Important LINQ features
Probably the most important extensions in C# that make LINQ possible are lambda expressions. Lambda expressions are similar to anonymous delegates, but the syntax is even simpler. Lambda expressions can be used for declaring functions inline and you can pass them as a parameter to methods. There is, however, one important difference to anonymous delegates: lambda expressions can be either compiled as executable code, like anonymous delegates, or as a data structure that represents the lambda expression source code. The structure is called an expression tree. Expression trees can be also compiled at runtime, so you can convert this representation to executable code.
What LINQ to SQL does is take the expression tree representing the query that contains lambda expressions and converts it to the SQL query, which is sent to the SQL Server. LINQ to SQL also contains a tool called sqlmetal.exe, which generates objects that represent the database structure. So, when you're writing the queries you can work with these type-safe objects instead of having to specify database tables or columns by name.
Important C++/CLI features
Now I'd like to mention a few from the rich set of C++/CLI features. LINQ itself is available for .NET, so we'll use the ability to work with managed classes a lot in the whole project. We'll also use the ability to work with both C++ templates and .NET generics. CLinq benefits from the fact that .NET generics can be compiled and exported from an assembly, while C++ templates are interesting thanks to their template specialization support. This means that if you have a SomeClass<T>
template, you can write a special version for specified type parameters -- for example, SomeClass<int>
-- and modify the behavior of this class, including the possibility to add methods, etc.
Basic CLinq features
In the previous example, we used the Expr<Customers^>
and Var<Customers^>
classes. These two classes are typed wrappers and are declared using C++/CLI templates. We use templates instead of generics because templates allow us to use template specialization. This means that there are basic Expr<>
and Var<>
classes and these can be specialized. For example, Expr<Customers^>
can contain some additional properties. Using these additional properties, you can express operations with the Customers
class. These template specializations can be generated using the clinqgen.exe tool, which will be described later. CLinq also supports a bit more complex syntax you can use for manipulating with classes that don't have template specializations.
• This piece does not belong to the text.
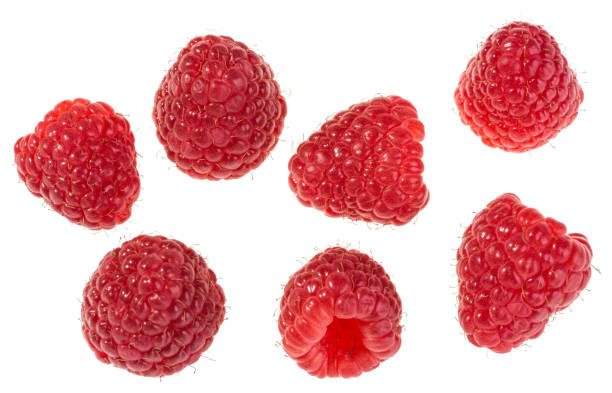 istock Collection of individual forest raspberries isolated on white background 843008748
Before we start, I'll explain how the CLinq library is organized. It consists of two parts. The first part is the EeekSoft.CLinq.dll assembly, which contains core CLinq classes. You'll need to reference this assembly from your project either using project settings or with the #using
statement. The second part is the clinq.h header file and two other headers that contain C++/CLI templates. You'll need to include this header in every CLinq project. The header files are used because CLinq relies on C++/CLI templates. The classes from the core library can be used if you want to share CLinq objects across more .NET projects.
I already mentioned the Expr<>
class. This class is written using templates and it is included, together with Var<>
, from the clinq.h file. These two are inherited from classes in the CLinq assembly, namely Expression<>.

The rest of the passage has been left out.